Exercise aim
Print exactly what the entries say, line by line, from the first line down to the one with "Where to Find", inclusive.
BEGIN Source records
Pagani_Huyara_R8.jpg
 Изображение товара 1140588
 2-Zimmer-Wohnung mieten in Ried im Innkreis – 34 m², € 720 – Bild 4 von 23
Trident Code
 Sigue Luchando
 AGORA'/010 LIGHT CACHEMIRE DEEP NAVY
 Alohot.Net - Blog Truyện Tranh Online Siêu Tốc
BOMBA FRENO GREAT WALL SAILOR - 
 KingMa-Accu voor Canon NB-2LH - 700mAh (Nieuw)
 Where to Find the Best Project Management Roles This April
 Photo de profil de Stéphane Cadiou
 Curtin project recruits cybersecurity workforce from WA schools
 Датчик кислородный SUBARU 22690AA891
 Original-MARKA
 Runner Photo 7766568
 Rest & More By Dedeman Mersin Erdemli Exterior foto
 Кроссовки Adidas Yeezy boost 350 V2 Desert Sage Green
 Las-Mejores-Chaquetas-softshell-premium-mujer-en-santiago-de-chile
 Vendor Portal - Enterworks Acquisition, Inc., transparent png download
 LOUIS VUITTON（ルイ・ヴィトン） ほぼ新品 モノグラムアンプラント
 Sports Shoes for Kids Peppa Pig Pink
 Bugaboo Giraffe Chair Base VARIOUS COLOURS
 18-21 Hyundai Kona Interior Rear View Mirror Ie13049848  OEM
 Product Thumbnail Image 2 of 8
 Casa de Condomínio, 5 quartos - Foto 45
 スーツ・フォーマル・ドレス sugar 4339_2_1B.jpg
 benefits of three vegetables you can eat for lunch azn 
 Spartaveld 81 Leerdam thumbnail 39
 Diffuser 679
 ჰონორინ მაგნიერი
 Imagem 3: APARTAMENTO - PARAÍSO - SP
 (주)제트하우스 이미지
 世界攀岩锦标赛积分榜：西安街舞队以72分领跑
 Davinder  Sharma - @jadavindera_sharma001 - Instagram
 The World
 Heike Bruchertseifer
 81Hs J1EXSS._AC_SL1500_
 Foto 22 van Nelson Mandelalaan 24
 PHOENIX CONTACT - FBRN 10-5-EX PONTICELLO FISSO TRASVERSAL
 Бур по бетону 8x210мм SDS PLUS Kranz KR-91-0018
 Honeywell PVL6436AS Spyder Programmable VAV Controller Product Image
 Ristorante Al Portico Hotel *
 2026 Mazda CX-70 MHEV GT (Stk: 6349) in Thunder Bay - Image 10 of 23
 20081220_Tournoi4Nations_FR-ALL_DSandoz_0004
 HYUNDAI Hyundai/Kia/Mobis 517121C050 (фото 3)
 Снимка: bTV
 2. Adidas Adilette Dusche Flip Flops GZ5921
END Source records
Task response
Pagani_Huyara_R8.jpg
 Изображение товара 1140588
 2-Zimmer-Wohnung mieten in Ried im Innkreis – 34 m², € 720 – Bild 4 von 23
Trident Code
 Sigue Luchando
 AGORA'/010 LIGHT CACHEMIRE DEEP NAVY
 Alohot.Net - Blog Truyện Tranh Online Siêu Tốc
BOMBA FRENO GREAT WALL SAILOR - 
 KingMa-Accu voor Canon NB-2LH - 700mAh (Nieuw)
 Where to Find the Best Project Management Roles This April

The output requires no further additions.